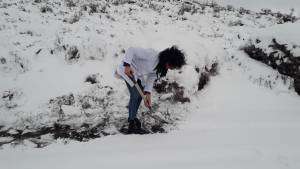 La nieve aísla a escuela rural en la Región Sur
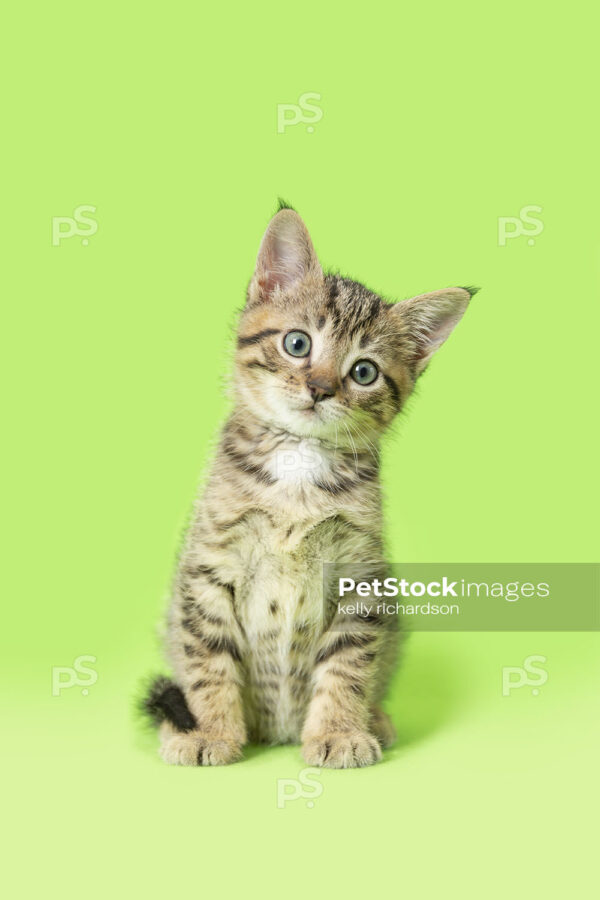 _RI_6844 Royalty Free Stock Photo of tabby kitten green background.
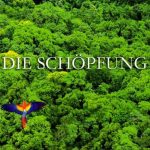 Weil: Haydn - Die Schöpfung (2 CD, FLAC)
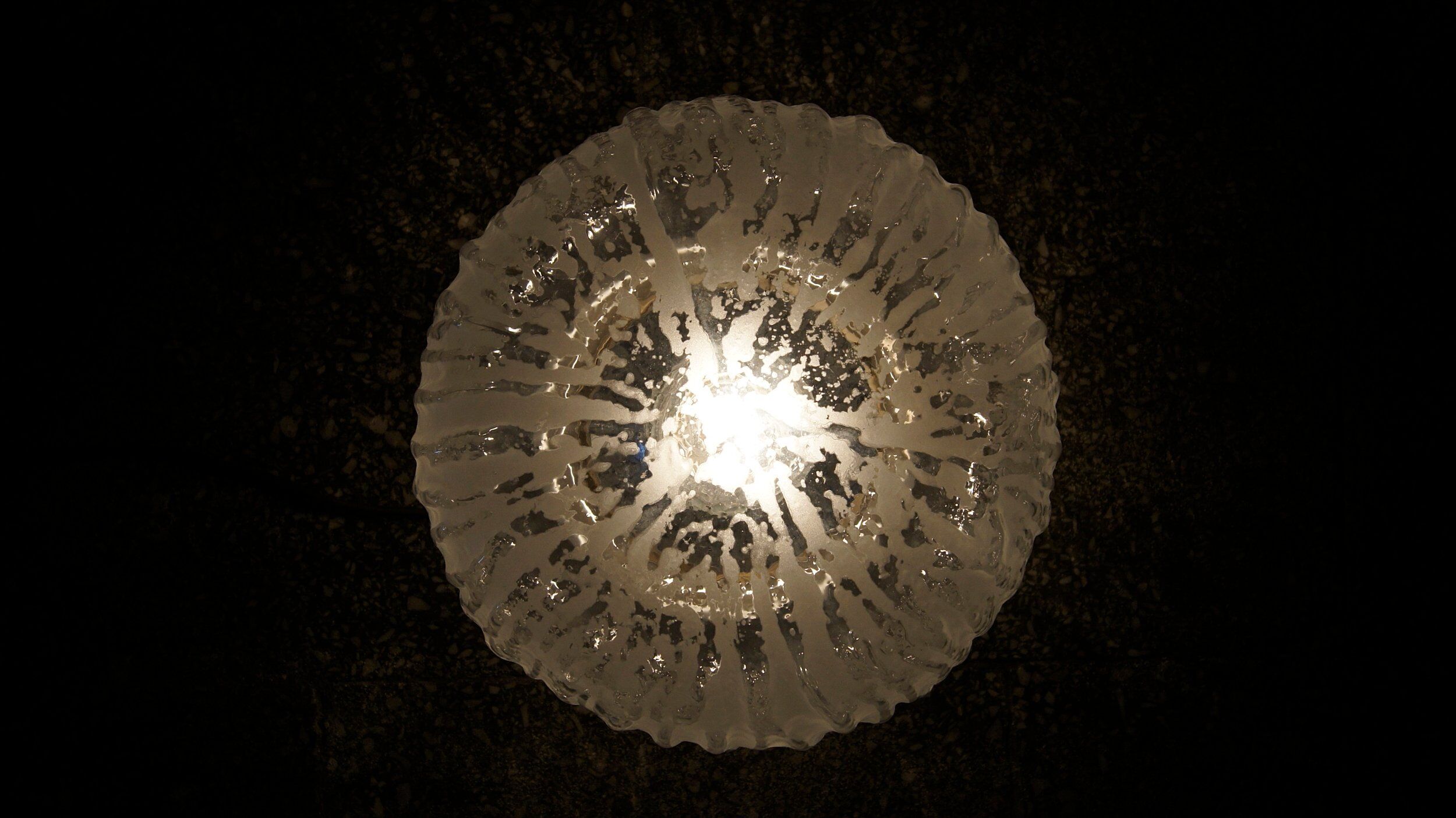 Mid-Century Sconce from Egon Hillebrand, 1960s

**Your objective**:
Reproduce the whole of the data, word for word, and omit its pictures.

**Result**:
 La nieve aísla a escuela rural en la Región Sur
 _RI_6844 Royalty Free Stock Photo of tabby kitten green background.
 Weil: Haydn - Die Schöpfung (2 CD, FLAC)
 Mid-Century Sconce from Egon Hillebrand, 1960s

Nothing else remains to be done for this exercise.